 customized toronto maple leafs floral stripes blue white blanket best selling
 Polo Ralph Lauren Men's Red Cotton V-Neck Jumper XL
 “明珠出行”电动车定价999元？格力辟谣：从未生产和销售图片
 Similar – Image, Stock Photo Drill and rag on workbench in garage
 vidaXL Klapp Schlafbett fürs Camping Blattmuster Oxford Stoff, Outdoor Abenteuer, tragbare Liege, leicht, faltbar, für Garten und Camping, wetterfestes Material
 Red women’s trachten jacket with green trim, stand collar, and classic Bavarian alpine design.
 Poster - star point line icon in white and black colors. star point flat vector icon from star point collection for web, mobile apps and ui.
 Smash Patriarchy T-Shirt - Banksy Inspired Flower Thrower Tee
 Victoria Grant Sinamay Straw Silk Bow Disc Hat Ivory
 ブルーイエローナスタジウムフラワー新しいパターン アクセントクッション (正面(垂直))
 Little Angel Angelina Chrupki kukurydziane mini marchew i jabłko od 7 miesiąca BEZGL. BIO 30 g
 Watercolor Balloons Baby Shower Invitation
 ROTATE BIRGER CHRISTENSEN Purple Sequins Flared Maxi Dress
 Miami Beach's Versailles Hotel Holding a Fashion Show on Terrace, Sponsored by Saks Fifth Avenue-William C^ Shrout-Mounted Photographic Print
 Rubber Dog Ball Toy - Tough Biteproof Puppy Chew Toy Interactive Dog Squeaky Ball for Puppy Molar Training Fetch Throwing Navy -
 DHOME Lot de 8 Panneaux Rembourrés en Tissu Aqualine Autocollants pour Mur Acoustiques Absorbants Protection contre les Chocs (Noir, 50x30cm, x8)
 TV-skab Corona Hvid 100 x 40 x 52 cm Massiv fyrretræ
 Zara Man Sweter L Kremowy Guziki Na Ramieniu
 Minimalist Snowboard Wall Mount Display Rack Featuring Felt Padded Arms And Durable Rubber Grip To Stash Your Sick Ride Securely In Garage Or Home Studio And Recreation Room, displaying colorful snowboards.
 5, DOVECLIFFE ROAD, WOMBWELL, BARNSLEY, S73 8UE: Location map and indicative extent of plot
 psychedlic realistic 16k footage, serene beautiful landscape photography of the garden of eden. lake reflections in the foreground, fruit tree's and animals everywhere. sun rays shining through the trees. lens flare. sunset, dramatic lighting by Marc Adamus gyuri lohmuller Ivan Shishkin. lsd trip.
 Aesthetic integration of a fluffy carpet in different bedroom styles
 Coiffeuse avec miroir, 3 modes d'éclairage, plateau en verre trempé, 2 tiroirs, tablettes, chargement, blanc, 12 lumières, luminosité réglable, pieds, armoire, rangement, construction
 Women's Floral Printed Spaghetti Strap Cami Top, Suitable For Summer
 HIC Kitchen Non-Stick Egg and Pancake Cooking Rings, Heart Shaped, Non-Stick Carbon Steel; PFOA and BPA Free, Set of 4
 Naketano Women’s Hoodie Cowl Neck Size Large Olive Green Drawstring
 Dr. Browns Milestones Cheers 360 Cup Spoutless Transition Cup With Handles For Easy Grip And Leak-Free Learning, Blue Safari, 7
--*--
● What the exercise asks
Everything from the first line of the records through the line holding "Similar – Image, Stock" is to be transcribed exactly; leave out all other lines.

● Result for this task
 customized toronto maple leafs floral stripes blue white blanket best selling
 Polo Ralph Lauren Men's Red Cotton V-Neck Jumper XL
 “明珠出行”电动车定价999元？格力辟谣：从未生产和销售图片
 Similar – Image, Stock Photo Drill and rag on workbench in garage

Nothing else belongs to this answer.